Requirement: Only those lines in the data below from the line containing "ANSゲームチャンネル のライブ配信" through the line containing "流行鋼琴超詳細影音教學(一)", both included, should be restated word for word.

═════ Material for this exercise ═════

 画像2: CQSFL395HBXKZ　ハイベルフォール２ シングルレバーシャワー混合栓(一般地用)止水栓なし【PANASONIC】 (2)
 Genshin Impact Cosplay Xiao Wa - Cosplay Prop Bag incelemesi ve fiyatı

═════
═════ Material for this exercise ═════

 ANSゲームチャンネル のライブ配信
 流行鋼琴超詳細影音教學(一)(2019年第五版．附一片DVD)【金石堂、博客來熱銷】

═════
═════ Material for this exercise ═════

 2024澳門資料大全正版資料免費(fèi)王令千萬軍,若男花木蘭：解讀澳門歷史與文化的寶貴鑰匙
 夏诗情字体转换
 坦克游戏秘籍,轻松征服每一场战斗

═════

Result of the task:
 ANSゲームチャンネル のライブ配信
 流行鋼琴超詳細影音教學(一)(2019年第五版．附一片DVD)【金石堂、博客來熱銷】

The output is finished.